3D Object Oriented Graphics

None of the many standard 3D graphics libraries ( like GL or PHIGS ) considered for this project proved to be usable. None of them, for example, can handle text objects in a meaningful way. They require a separate system to render text and pictures into a bitmap which can then be used as a texture for a 3D model. This is hardly practical in an interactive application. Performance turned out to be another great limitation. With fast enough CPUs or dedicated graphics accelerators most of these libraries even work in real time. But none of them are scalable - able to work on low end machines or to really make full use of future computers.

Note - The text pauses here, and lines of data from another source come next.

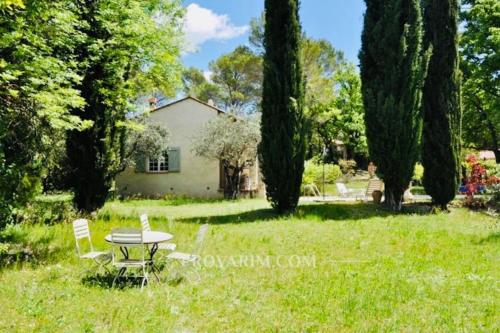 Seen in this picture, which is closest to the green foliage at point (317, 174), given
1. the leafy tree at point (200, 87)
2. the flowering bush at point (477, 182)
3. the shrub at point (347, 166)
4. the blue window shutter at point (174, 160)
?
the shrub at point (347, 166)

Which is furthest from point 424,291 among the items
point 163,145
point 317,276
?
point 163,145

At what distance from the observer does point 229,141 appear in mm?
18562

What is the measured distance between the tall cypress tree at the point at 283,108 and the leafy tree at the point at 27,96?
21.5 feet

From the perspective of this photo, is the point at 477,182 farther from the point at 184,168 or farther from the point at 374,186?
the point at 184,168

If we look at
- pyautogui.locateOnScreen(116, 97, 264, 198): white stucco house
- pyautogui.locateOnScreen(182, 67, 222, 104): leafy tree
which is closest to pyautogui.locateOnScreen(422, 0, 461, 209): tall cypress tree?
pyautogui.locateOnScreen(116, 97, 264, 198): white stucco house

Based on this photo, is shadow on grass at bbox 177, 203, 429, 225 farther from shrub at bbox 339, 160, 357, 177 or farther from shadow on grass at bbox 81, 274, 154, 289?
shrub at bbox 339, 160, 357, 177

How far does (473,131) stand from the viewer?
24766 mm

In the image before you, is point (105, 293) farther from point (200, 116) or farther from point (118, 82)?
point (200, 116)

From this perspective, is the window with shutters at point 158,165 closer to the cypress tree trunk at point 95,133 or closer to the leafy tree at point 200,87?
the cypress tree trunk at point 95,133

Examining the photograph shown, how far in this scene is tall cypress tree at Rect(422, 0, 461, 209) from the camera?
1362cm

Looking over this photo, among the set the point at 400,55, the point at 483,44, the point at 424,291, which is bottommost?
the point at 424,291

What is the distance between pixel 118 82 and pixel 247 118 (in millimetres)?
8582

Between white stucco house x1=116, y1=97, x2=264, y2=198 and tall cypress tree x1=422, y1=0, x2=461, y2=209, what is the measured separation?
10.2 m

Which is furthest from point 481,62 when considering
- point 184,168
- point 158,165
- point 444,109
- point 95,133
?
point 95,133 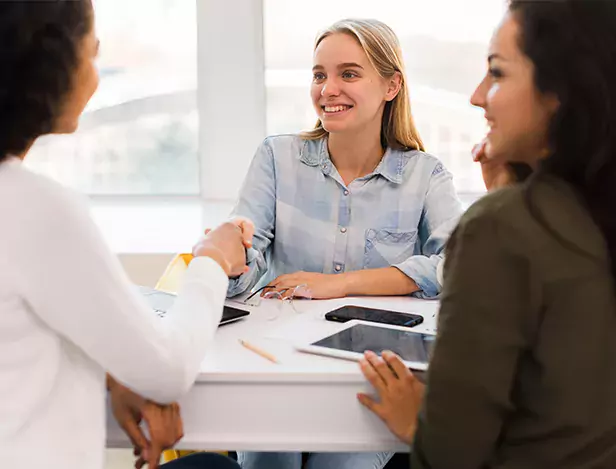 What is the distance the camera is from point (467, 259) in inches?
33.5

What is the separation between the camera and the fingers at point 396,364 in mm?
1076

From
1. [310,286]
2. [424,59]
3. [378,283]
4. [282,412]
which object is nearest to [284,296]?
[310,286]

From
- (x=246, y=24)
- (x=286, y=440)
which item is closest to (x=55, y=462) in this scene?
(x=286, y=440)

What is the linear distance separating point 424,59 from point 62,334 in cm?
186

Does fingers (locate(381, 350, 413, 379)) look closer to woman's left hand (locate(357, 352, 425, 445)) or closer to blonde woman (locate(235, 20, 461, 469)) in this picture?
woman's left hand (locate(357, 352, 425, 445))

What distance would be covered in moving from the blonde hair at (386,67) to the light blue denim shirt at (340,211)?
0.06 meters

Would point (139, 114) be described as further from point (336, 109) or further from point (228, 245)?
point (228, 245)

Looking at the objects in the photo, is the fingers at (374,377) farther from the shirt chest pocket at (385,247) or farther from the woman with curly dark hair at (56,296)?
the shirt chest pocket at (385,247)

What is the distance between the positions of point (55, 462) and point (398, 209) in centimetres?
112

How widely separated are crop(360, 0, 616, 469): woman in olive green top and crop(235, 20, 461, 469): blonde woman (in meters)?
0.88

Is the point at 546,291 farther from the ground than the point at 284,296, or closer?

So a new technology had to be developed for Merlin: Adaptive Rendering. This is described below and generates real-time images from the following objects:

The heart of the Adaptive Rendering technology is the "Reverse Painter's Algorithm". In the normal painter's algorithm, all objects are transformed into screen coordinates and then sorted based on the z dimension (the distance to the viewer). Then the furthest objects are painted in order until the closest is painted last, on top of all previous ones. The name alludes to the fact that a painter might start with the sky, then do the mountains, follow that with the closer trees and then add the people last of all. Any given area of the canvas might get painted on several times, but it doesn't matter for the final results looks right. A popular alternative is the z-buffer algorithm, where the distance of the closest object painted so far at each pixel is stored in a memory area called the "z-buffer". Each time a pixel should be painted, the current distance is compared with that stored in the buffer and only if it is smaller is the screen (a z-buffer) changed. Objects can then be painted in any order and the results will be the same, at the cost of extra memory and per-pixel comparisons.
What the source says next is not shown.